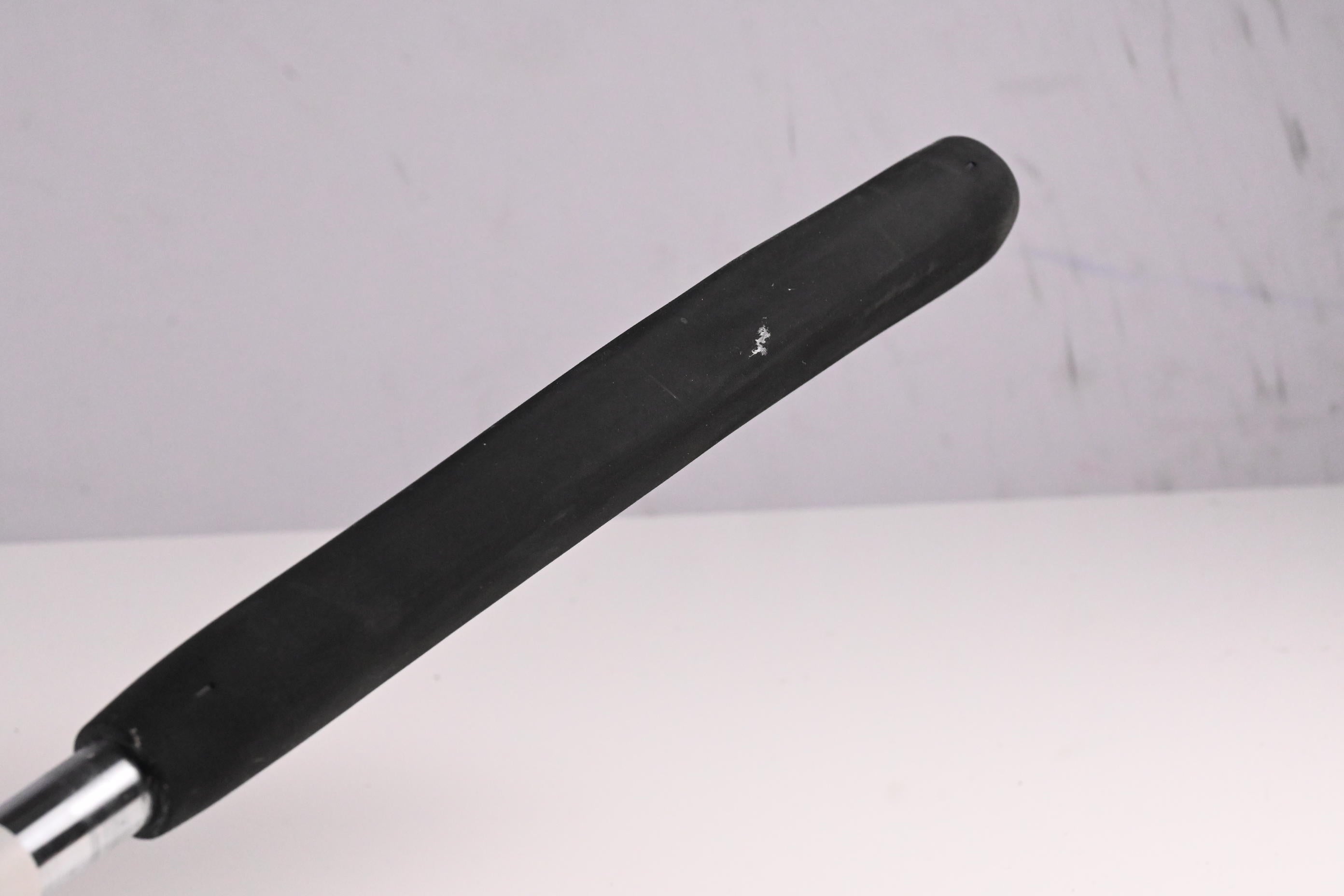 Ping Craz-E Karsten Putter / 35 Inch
◆ ◆ ◆ ◆
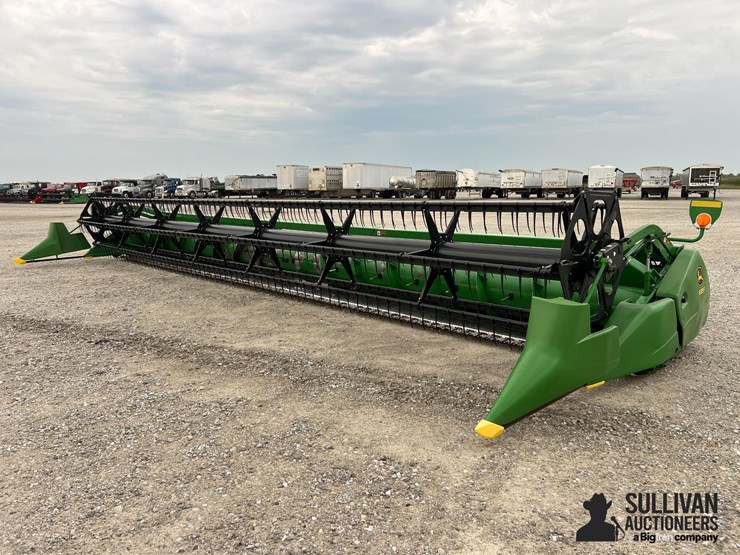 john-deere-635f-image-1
◆ ◆ ◆ ◆
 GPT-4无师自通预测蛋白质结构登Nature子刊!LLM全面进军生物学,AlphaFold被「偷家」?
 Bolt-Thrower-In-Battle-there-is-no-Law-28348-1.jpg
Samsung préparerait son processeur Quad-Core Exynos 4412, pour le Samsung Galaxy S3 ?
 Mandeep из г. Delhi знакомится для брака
◆ ◆ ◆ ◆
### PROBLEM REQUIREMENTS
From the records above, quote only the lines running from the line with "Samsung préparerait son" to the line with "Mandeep из г. Delhi знакомится для брака", both lines included.

### RESULT
Samsung préparerait son processeur Quad-Core Exynos 4412, pour le Samsung Galaxy S3 ?
 Mandeep из г. Delhi знакомится для брака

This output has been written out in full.